## ACTIVITY
Reproduce the first line of the entries that follow and each later line, word for word, ending with the one containing "91家纺网 家纺一手货源 找家纺".

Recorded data
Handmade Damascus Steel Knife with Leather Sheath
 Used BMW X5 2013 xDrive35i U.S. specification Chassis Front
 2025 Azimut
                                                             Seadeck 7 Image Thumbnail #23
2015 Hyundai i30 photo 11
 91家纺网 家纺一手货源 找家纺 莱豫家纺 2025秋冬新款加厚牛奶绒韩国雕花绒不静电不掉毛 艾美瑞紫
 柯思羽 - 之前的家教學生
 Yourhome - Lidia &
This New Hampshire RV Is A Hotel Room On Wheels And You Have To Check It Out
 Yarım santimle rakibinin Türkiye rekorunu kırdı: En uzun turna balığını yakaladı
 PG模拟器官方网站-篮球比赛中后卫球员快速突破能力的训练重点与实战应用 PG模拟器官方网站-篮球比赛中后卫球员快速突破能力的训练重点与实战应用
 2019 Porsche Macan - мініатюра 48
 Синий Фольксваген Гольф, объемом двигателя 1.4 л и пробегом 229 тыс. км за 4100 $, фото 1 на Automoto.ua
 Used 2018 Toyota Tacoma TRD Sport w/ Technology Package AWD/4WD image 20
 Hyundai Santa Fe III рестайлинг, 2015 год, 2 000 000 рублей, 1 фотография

## PROBLEM SOLUTION
Handmade Damascus Steel Knife with Leather Sheath
 Used BMW X5 2013 xDrive35i U.S. specification Chassis Front
 2025 Azimut
                                                             Seadeck 7 Image Thumbnail #23
2015 Hyundai i30 photo 11
 91家纺网 家纺一手货源 找家纺 莱豫家纺 2025秋冬新款加厚牛奶绒韩国雕花绒不静电不掉毛 艾美瑞紫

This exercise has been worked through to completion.